The project leverages the features provided by jupyter docker-stacks:

  • Build from the original source docker files
  • Customize the images by using docker build-arg build arguments
  • Run the original tests at every pipeline trigger

The project provides an up to date jupyter lab images especially for pyspark.

Images build workflow

Build/Test

The ci build pipeline contains 6 main reusable workflows:

  1. build-base-images-template: docker-stacks-foundation, base-notebook, minimal-notebook, scipy-notebook
  2. build-datascience-images-template: r-notebook, julia-notebook, tensorflow-notebook, pytorch-notebook
  3. build-spark-images-template: pyspark-notebook, all-spark-notebook
  4. publish: push the built images to the container registry (main branch only)
  5. auto-rerun: partially re-run jobs in case of failures (github runner issues/main branch only)
  6. ci: run ci pipeline at every contribution

build pipeline

The build is based on the version compatibility matrix.

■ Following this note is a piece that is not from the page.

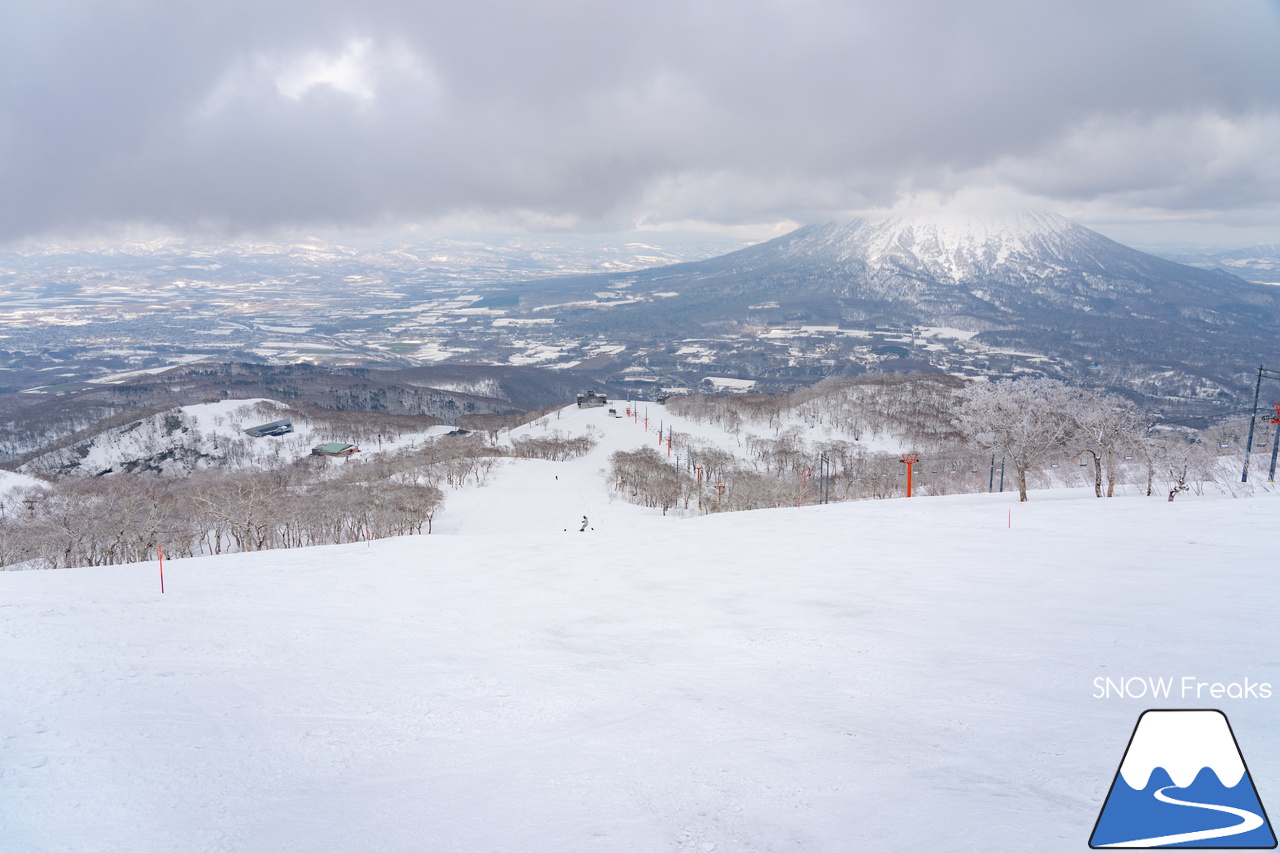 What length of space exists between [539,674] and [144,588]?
1270 centimetres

The build-matrix section defines the components versions to build. It behaves like a filter of the parent compatibility-matrix section to limit the versions combintations to build. The build process ensures only the compatible versions are built:

For example, the following build-matrix:

build-matrix:
  python_version: ['3.9', '3.10', '3.11']
  spark_version: [3.2.4, 3.3.4, 3.4.2, 3.5.0]
  java_version: [11, 17]
  scala_version: [2.12]

Will build the following versions combinations in regards to compatibility-matrix section:

  • spark3.3.4-python3.10-java17-scala2.12
  • spark3.5.0-python3.11-java17-scala2.12
  • spark3.4.2-python3.11-java17-scala2.12
  • spark3.2.4-python3.9-java11-scala2.12

By default, if no filter is specified:

build-matrix:

All compatible versions combinations are built.

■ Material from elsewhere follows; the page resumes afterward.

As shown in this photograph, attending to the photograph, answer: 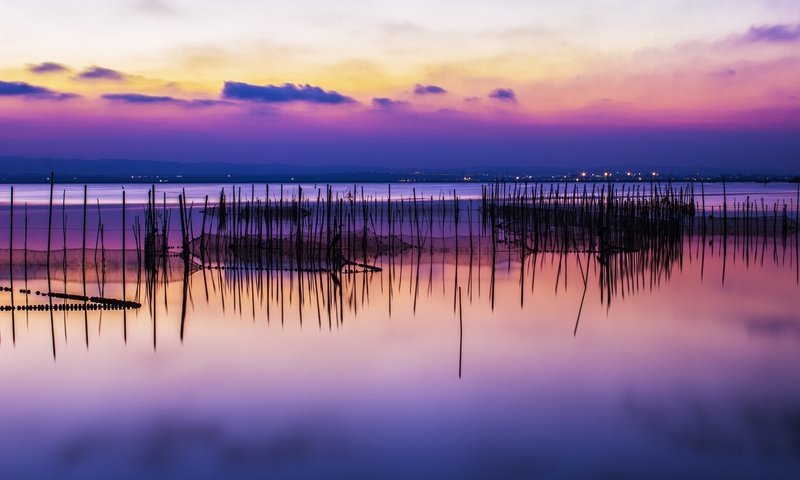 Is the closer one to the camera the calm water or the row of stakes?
the calm water

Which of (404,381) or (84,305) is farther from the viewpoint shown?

Finally, all the images are tested against the original tests at every pipeline trigger

Publishing

Development images with tags -<GIT-BRANCH>-latest suffix (ex.: spark3.2.4-python3.9-java11-scala2.12--latest) are produced at every pipeline run regardless of the git branch (main or not).

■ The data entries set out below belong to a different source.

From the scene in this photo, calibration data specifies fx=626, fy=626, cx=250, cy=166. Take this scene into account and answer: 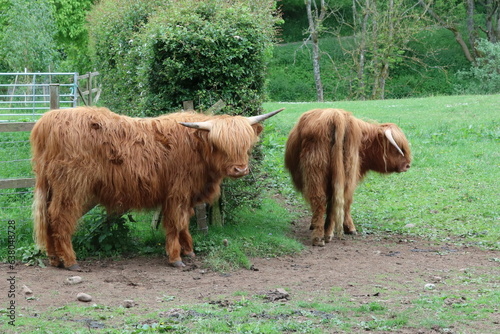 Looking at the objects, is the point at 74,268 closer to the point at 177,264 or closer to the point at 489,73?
the point at 177,264

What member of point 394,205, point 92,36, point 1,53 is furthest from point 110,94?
point 1,53

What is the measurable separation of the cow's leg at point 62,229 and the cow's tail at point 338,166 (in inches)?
133

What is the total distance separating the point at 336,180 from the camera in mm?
8484

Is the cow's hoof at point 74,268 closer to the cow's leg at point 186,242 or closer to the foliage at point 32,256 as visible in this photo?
the foliage at point 32,256

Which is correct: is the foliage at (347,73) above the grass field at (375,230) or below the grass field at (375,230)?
above

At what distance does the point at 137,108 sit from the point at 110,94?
5720mm

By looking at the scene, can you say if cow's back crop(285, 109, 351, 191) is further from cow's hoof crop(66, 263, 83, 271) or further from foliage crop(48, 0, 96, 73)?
foliage crop(48, 0, 96, 73)

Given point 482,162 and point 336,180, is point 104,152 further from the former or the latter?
point 482,162

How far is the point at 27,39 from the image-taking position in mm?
25641

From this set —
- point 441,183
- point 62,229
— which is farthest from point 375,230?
point 62,229

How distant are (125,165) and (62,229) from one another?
1014mm

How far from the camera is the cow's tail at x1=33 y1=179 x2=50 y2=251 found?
714 centimetres

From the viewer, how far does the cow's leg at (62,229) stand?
7094mm

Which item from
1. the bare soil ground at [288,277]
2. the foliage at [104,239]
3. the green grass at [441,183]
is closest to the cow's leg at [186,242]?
the bare soil ground at [288,277]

The official images are publiqhed to the okdp quay.io registry:

  1. At every release, and,
  2. Periodically, every monday at 05H00 GMT

Tagging

The project builds the images with a long format tags. Each tag combines multiple compatible versions combinations.

There are multiple tags levels and the format to use is depending on your convenience in term of stability and reproducibility.

Here are some examples:

scipy-notebook:

  • python-3.11-2024-02-06
  • python-3.11.7-2024-02-06
  • python-3.11.7-hub-4.0.2-lab-4.1.0
  • python-3.11.7-hub-4.0.2-lab-4.1.0-2024-02-06

datascience-notebook:

  • python-3.9-2024-02-06
  • python-3.9.18-2024-02-06
  • python-3.9.18-hub-4.0.2-lab-4.1.0
  • python-3.9.18-hub-4.0.2-lab-4.1.0-2024-02-06
  • python-3.9.18-r-4.3.2-julia-1.10.0-2024-02-06
  • python-3.9.18-r-4.3.2-julia-1.10.0-hub-4.0.2-lab-4.1.0
  • python-3.9.18-r-4.3.2-julia-1.10.0-hub-4.0.2-lab-4.1.0-2024-02-06

pyspark-notebook:

  • spark-3.5.0-python-3.11-java-17-scala-2.12
  • spark-3.5.0-python-3.11-java-17-scala-2.12-2024-02-06
  • spark-3.5.0-python-3.11.7-java-17.0.9-scala-2.12.18-hub-4.0.2-lab-4.1.0
  • spark-3.5.0-python-3.11.7-java-17.0.9-scala-2.12.18-hub-4.0.2-lab-4.1.0-2024-02-06
  • spark-3.5.0-python-3.11.7-r-4.3.2-java-17.0.9-scala-2.12.18-hub-4.0.2-lab-4.1.0
  • spark-3.5.0-python-3.11.7-r-4.3.2-java-17.0.9-scala-2.12.18-hub-4.0.2-lab-4.1.0-2024-02-06

Please, check the okdp quay.io container registry for more images and tags.

Running github actions

Official registry (quai.io) credentials

Create the following secrets and configuration variables when running with your own github account or organization:

Variable Type Default Description
REGISTRY Configuration variable quay.io Container registry
REGISTRY_USERNAME Secret variable Container registry username
REGISTRY_ROBOT_TOKEN Secret variable Container registry password or access token (Scopes: write:packages/delete:packages)

Running locally with act

Act can be used to build and test locally.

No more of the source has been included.